--- Records to use Enclosed Below ---

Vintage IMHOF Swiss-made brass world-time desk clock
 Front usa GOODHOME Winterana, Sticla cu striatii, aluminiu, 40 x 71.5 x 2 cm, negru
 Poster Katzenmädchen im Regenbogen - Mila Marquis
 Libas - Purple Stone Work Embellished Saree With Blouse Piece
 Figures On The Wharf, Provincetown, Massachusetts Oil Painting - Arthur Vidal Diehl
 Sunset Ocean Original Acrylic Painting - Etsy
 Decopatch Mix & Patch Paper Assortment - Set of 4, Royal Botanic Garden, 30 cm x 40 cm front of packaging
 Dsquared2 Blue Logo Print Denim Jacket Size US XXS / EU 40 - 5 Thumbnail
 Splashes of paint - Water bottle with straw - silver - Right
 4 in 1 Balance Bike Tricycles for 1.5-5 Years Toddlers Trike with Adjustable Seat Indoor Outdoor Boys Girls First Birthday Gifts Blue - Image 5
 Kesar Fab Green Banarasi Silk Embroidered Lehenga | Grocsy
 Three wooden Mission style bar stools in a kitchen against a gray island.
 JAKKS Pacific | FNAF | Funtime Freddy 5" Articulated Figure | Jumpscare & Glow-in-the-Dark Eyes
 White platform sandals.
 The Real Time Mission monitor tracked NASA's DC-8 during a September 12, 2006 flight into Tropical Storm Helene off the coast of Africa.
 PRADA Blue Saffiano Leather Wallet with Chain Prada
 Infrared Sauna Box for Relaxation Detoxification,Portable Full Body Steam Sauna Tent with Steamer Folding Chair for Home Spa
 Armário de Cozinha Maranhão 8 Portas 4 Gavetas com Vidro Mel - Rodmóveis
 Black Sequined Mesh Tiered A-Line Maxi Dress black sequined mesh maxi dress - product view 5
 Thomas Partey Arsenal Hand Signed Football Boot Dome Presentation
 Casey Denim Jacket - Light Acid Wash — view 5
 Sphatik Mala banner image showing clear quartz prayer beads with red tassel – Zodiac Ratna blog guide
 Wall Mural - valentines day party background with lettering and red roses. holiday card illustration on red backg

--- End of Enclosed Records to use ---

▶ Exercise
Starting at the line that contains "Sphatik Mala banner", return every line through the last one above, exactly as written.

▶ Solution
 Sphatik Mala banner image showing clear quartz prayer beads with red tassel – Zodiac Ratna blog guide
 Wall Mural - valentines day party background with lettering and red roses. holiday card illustration on red backg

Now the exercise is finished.